Chapter 2. The RegexXMLReader Stylesheet

2.1. Introduction

In order to appropriately parse an incoming text file, RegexXMLReader needs information to apply to the incoming text file. This information is an XML document that I call a Regular Expression Stylesheet, or simply "the Stylesheet" although there are major differences between this type of stylesheet and an XSLT stylesheet, which it it somewhat patterned after.

The stylesheet is made up of various directives which are essentially commands that are in the required namespace of RegexXMLReader, "http://regexxmlreader.sourceforge.net/1.0". Using these commands, the document is transformed into a series of SAX events thus turning the arbitrary text file into an XML document.

One concept that must be made clear is what I refer to in the documentation is contextual text.
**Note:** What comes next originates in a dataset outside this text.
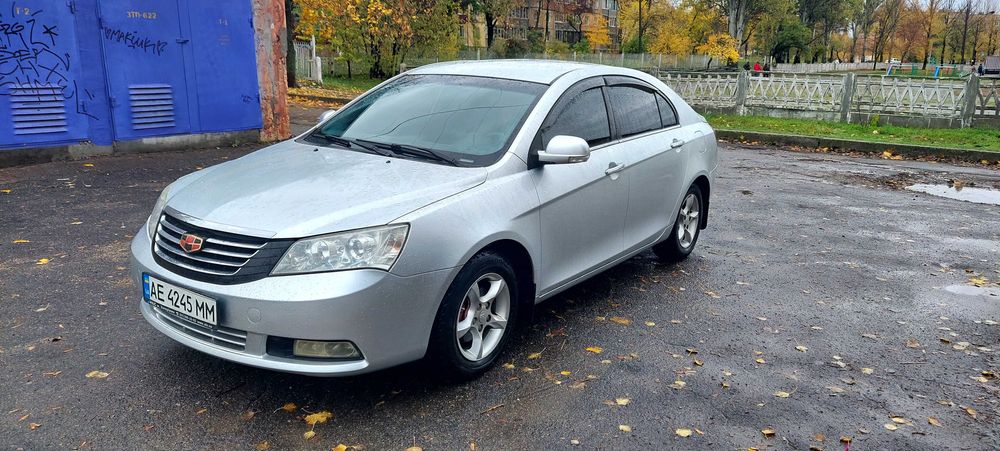 Geely Emgrand 7 5000$ торг у капота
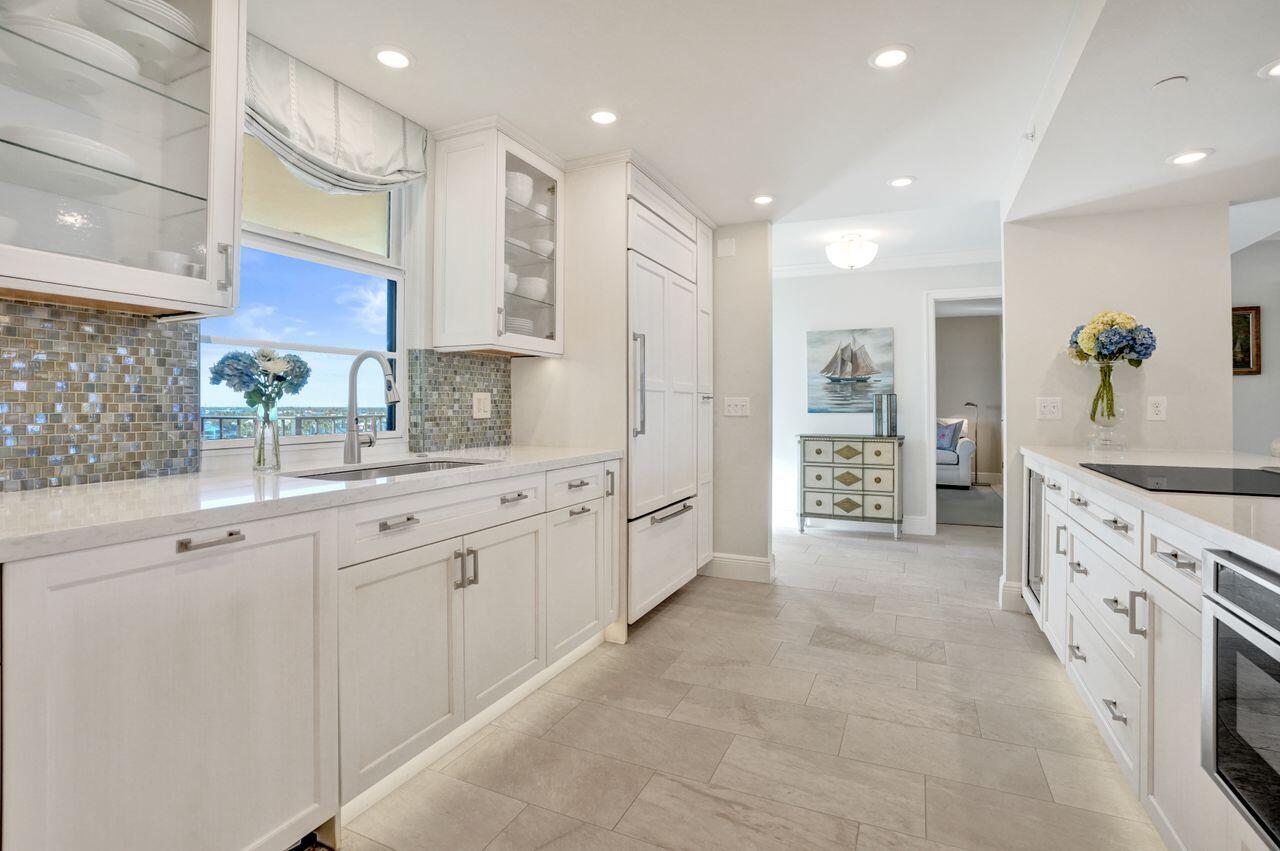 400 South Beach Road, Unit 703 Tequesta, FL 33469 - Photo 7 of 42 Kitchen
The contextual text is the entire incoming text file at the beginning of processing - it is just one large stream of data. As processing ensues, this stream of text usually changes to the more relevent parts; that is to say, the context changes for each inner child in the RegexStylesheet. This contextual text normally becomes less and less depending on the directives that are placed on its parent.

For example, consider the replace directive. This directive modifies the contextual text stream and that directive's children are then processed on that modified version. At the same level of replace there is no change in the contextual text stream. Rather, the change is only apparent for the directive's children:


 <!--
     assume that the contextual text at this
     level is: "abcdefg hijklmno pqrstuvwxyz"
  -->
 <re:replace regex="^." with="X" xmlns:re="http://regexxmlreader.sourceforge.net/1.0">
   <!-- 
        the contextual text is now:
        "Xbcdefg hijklmno pqrstuvwxyz"
    -->
   <re:for-each split=" ">
      <!--
           In this case the contextual text will change
           for each itteration through the split parts,
           namely:
                 1) Xbcdefg
                 2) hijklmno
                 3) pqrstuvwxyz
            etc.
       -->
   </re:for-each>
   <!--
        The contextual text is what it was prior to
        the previous directive:
        "Xbcdefg hijklmno pqrstuvwxyz"
    -->
 </re:replace>
 <!--
      And now it is the same way it was at the
      beginning: "abcdefg hijklmno pqrstuvwxyz"
  -->